Resource Sizing for Flex Gateway
Before getting started with Flex Gateway, analyze and choose your configuration to obtain the best performance and auto-scaling rate.
When assigning resources for a replica node, consider:
-
Number of APIs
-
Amount of memory the node needs
-
Processing power for the node
-
Number of policies in each API
-
Amount of traffic each node handles
-
Amount of time the node takes to answer the request (latency)
-
Type of traffic the node handles, and within the traffic:
-
The number of requests per second (RPS) the node handles
-
Size of each request (bytes)
-
Resources
The following table describes the resources you must allocate to your replica node according to your environment:
Node Size | CPU | RAM |
---|---|---|
Small |
1-2 cores |
2-4 GB |
Medium |
2-4 cores |
4-8 GB |
Large |
8-16 cores |
16-32 GB |
For IBM Power10 deployments, allocate 5-16 CPU cores for a "Large" node. |
Nodes belonging to a cluster must be of the same size. |
Cluster Size
The following table describes appropriate node and cluster sizes:
Node Size | Number of APIs | Number of Policies | Expected Latency | Expected Throughput | Target Environment |
---|---|---|---|---|---|
Small |
< 100 |
4 |
< 30 ms |
< 500 RPS |
Dev/test cluster |
Medium |
< 500 |
4 |
< 20 ms |
< 2500 RPS |
Production cluster |
Large |
> 500 |
4 |
< 10 ms |
< 10000 RPS |
Mission-critical clusters |
These sizing figures are per node.

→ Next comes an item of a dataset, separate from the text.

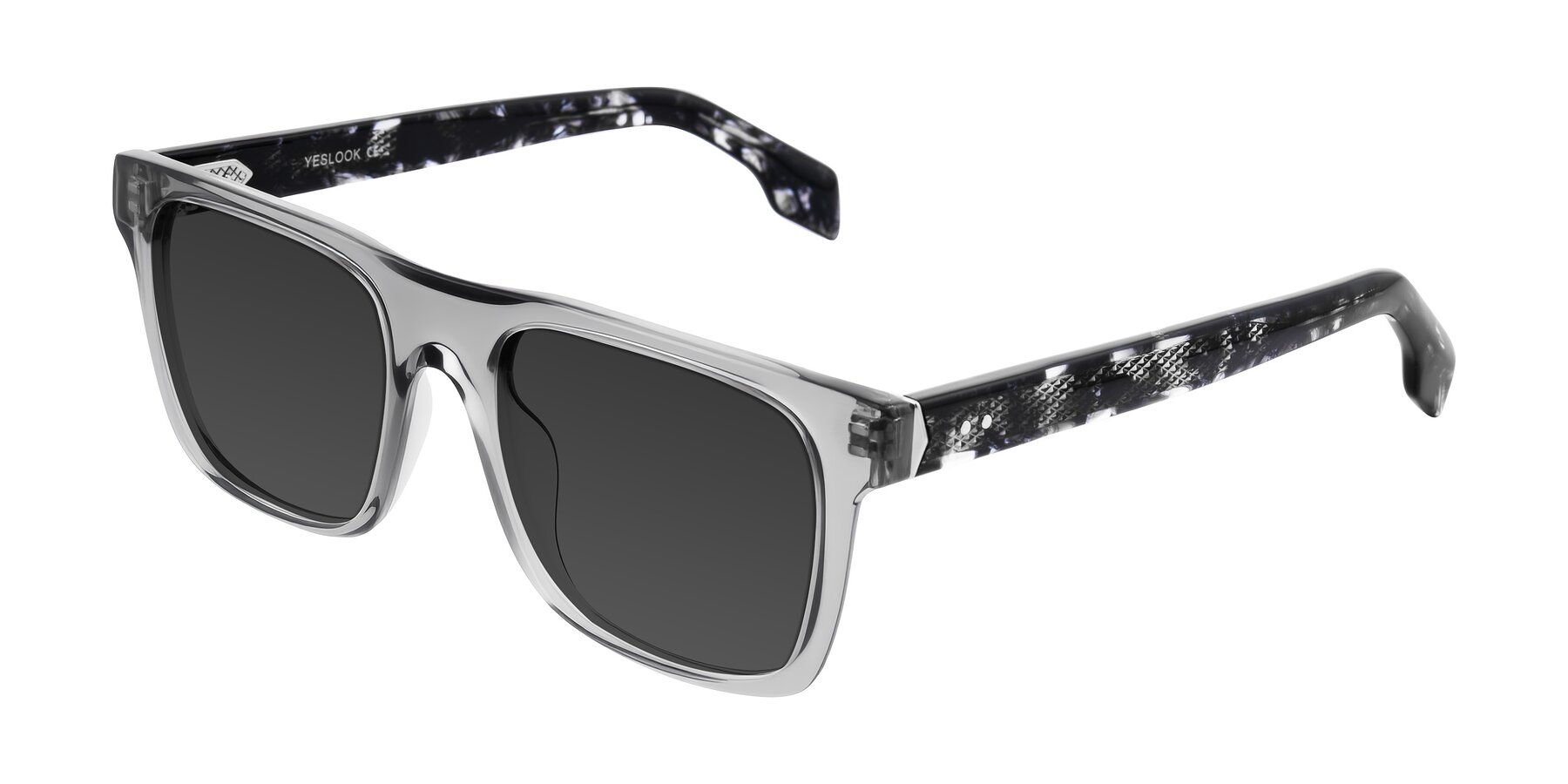 Angle of Lucid in Transparent Gray/Tortoise with Gray Tinted Lenses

API configurations replicate to all nodes in the cluster. For example, for 10 APIs deployed each with three policies, the 10 APIs and their policies are deployed to each node in the cluster.
The traffic is distributed across all nodes in the cluster. A small cluster node supports up to 500 RPS, but if the cluster has two nodes then the total traffic that the cluster allows is 1000 RPS (500 RPS for each node). Exceeding the recommended traffic per node eventually causes increased CPU usage. To avoid this issue, you must increase the size of all nodes in the cluster or scale horizontally.
High CPU usage can lead to increased latency. In such a case, proceed with horizontal scaling or increase the node size.
High memory consumption can lead to out-of-memory errors. To solve this issue, increase the memory allocation or the node size. Horizontal scaling might not help solve issues in this situation. You must increase memory first, and scale horizontally later.
These guidelines are for a cluster with an average request size of 1 KB and four policies implemented. Adjust your parameters depending on your use case.
The most commonly used out-of-the-box policies are:
-
Message logging
-
Rate limiting
-
JWT validation
-
Header injection
Using TLS affects the response time and the process consumption.